Season one of House of Cards did its best to stay away from race and ethnicity, but perhaps that was for a good reason, considering how poorly the second season has fared on the subject. “Chapter 22” in particular spends nearly half the episode dealing with Freddy’s plight as collateral damage from Tusk’s assault on the Underwoods, but the season has also introduced us to Feng and Lanagin while reasserting the importance of Linda’s Latina heritage at the end of “Chapter 21.” Suddenly race matters, and at best House of Cards has done a mixed job dealing with the subject, though perhaps it has done a bit better when it comes to overall thematizing than it has on an individual character level.

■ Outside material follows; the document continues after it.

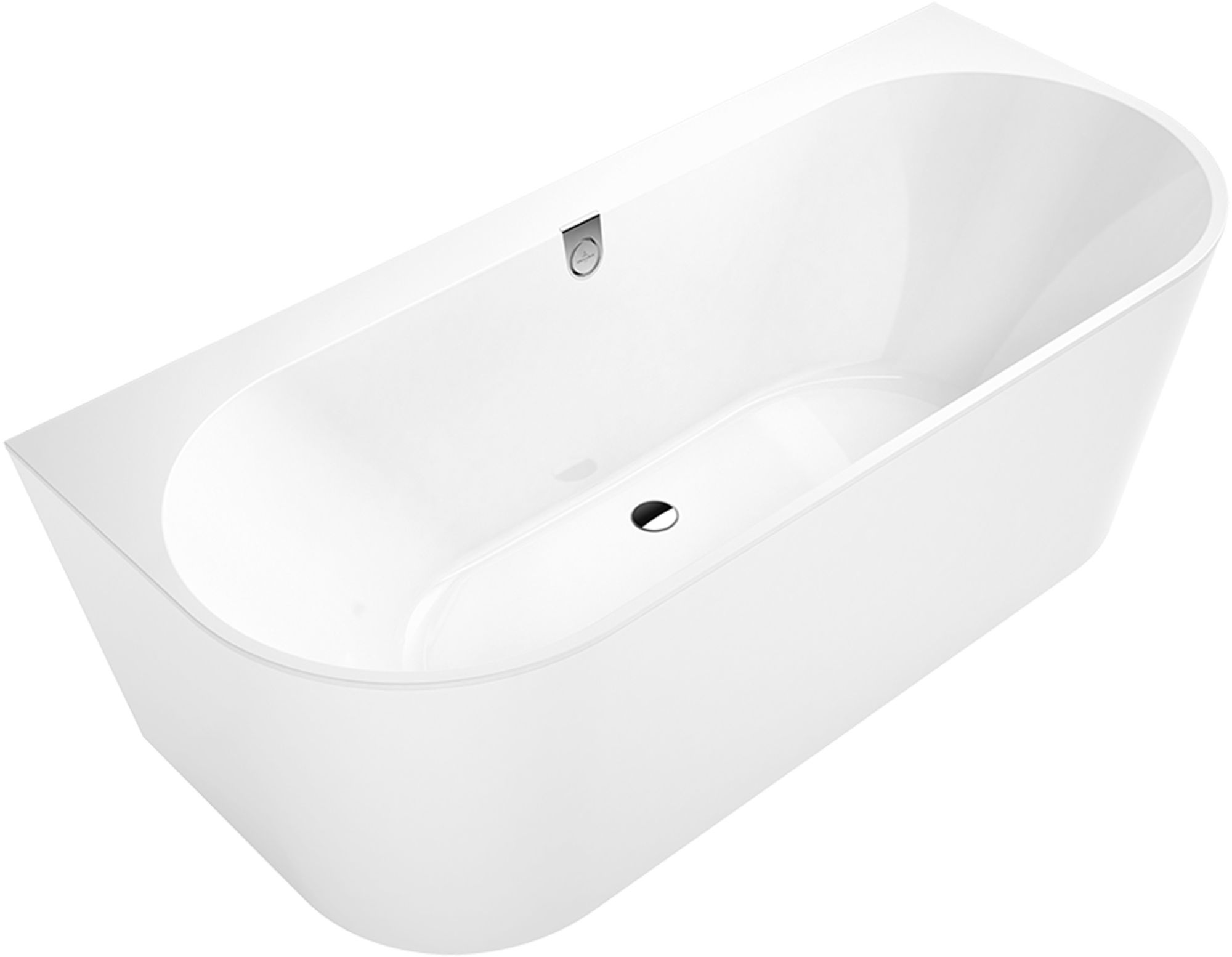 Villeroy & Boch Oberon vasca da bagno a parete 180x80 cm ovale bianco UBQ180OBR9CD00V-01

It’s no mistake that Tusk is as white as Frank and that it’s the war between these two men that ends up overshadowing everyone else. Season two hasn’t exactly been subtle about its messaging here, either, given the Civil War re-enactment episode, and one of the narratives going on here is that the white men only care about the rest of the world when it’s convenient to them. Linda became the closest of anyone to being a real player in this white world, but ultimately she proved disposable as well. I suspect her offering Frank the medal at the end of “Chapter 21” was a way of reminding the audience that her last name is Vasquez, and despite the incoherence of the gesture, it sets the stage for “Chapter 22.”
Freddy was, up until now, arguably Frank’s only friend. I’ve noted previously how lonely his view of power is, but Freddy’s barbecue was the one place where he maintained a semblance of sentimentality and, with this, humanity. Tusk attacked Frank in the two places where he still had chinks in his armor, his wife and his one friend, but while we knew Claire would end up okay (and who cares about Adam?), Freddy doesn’t stand a chance. He’s not playing by the same rules, and unfortunately for him, everyone else knows this.
Unfortunately, the road to Freddy’s destruction is paved with terrible writing and cliches. We learn here that Freddy is an ex-convict, his son lives in the projects with his grandson, and his son is also on parole but always carries a gun. It turns out that Freddy’s life is a whole, ugly bag of racist cliches, but what’s worse is the dialogue. Clearly the show wished to mimic the look of The Wire for the sake of “authenticity,” but Freddy is given ridiculous dialogue, and his son’s lines are even worse. Their entire half of the episode is preachy as only white people moralizing to and through the mouths of black people can be, and while Reg Cathey is a good enough actor to occasionally pull this off, on the whole it misfired horribly. Admittedly House of Cards’ scripts always read like plays, so in a few scenes (in particular the one at Freddy’s house between him and Frank), this works better than others; when Freddy’s son is around, though, it’s just embarrassing to watch.
Freddy’s storyline was supposed to mirror Adam’s, showing us how the Underwoods need to shed all of their connections if they’re going to continue playing politics in the big leagues. But while both we and the Underwoods have an emotional connection to Freddy, Adam has always been beyond empathy. This storyline is still pretty entertaining, as it focused on the media circus surrounding this type of political scandal, but it was mostly just a question of how the Underwoods and their advisors handled every situation. Having Adam leave the show for good is no big loss. There were a few great moments, particularly when Seth went on television and when Frank asserted his love of Claire to Adam, but it in all this was just entertainment.
This is the most disappointing episode of season two so far. Oddly, it’s not because the episode lacked ambition, as it was more exciting than either of the previous two, but simply because the execution was so poor. Fortunately that’s rarely the case for House of Cards, which can often turn even small events into exciting television due to its superb cast and crew, but when it came to Freddy’s life, the writing just wasn’t there. On a macro-level “Chapter 22” worked, getting the season’s story where it needed to be and putting Frank and Claire in new emotional positions, but when it came to giving the show’s one strong black character a full, three-dimensional life, House of Cards wasn’t up to the task.